***** PROVIDED MATERIAL

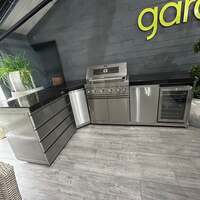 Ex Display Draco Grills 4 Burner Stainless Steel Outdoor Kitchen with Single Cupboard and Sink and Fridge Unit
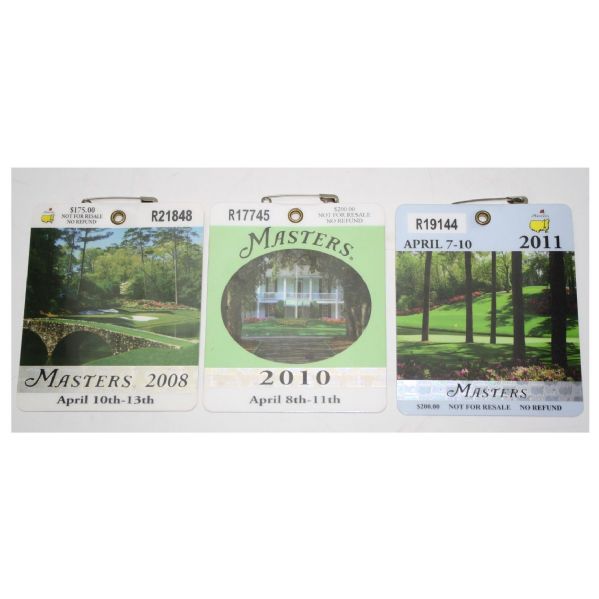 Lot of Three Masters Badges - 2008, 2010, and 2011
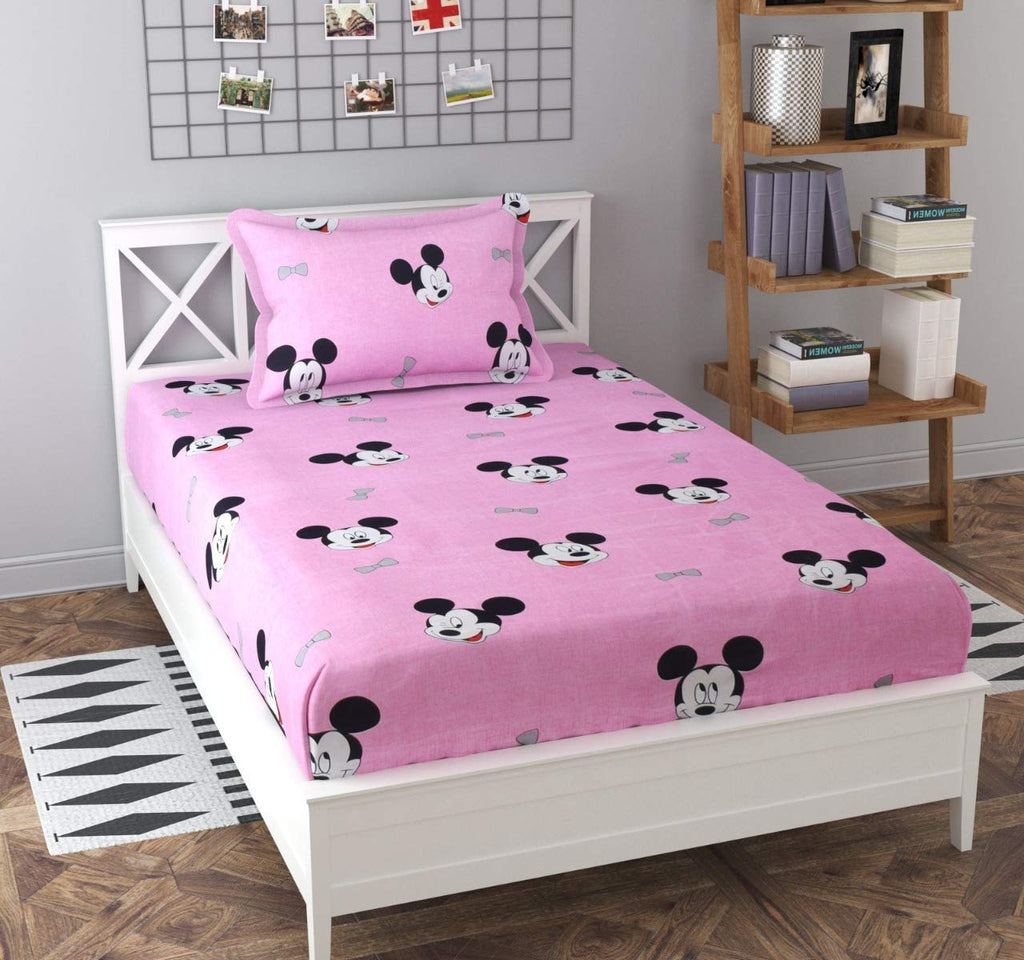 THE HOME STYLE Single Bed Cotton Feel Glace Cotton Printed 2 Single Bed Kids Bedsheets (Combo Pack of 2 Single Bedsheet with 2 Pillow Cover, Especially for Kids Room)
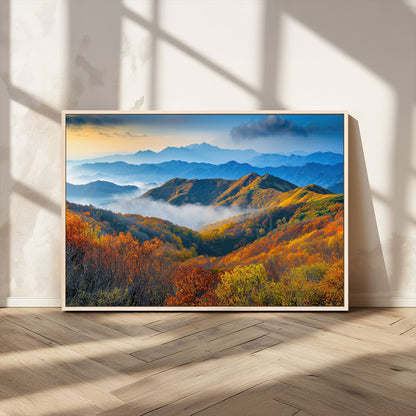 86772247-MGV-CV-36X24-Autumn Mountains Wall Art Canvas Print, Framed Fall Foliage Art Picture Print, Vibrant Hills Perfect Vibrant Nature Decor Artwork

**********

Please repeat each line above exactly as it appears, but omit the pictures.

### ANSWER TO THIS TASK
 Ex Display Draco Grills 4 Burner Stainless Steel Outdoor Kitchen with Single Cupboard and Sink and Fridge Unit
 Lot of Three Masters Badges - 2008, 2010, and 2011
 THE HOME STYLE Single Bed Cotton Feel Glace Cotton Printed 2 Single Bed Kids Bedsheets (Combo Pack of 2 Single Bedsheet with 2 Pillow Cover, Especially for Kids Room)
 86772247-MGV-CV-36X24-Autumn Mountains Wall Art Canvas Print, Framed Fall Foliage Art Picture Print, Vibrant Hills Perfect Vibrant Nature Decor Artwork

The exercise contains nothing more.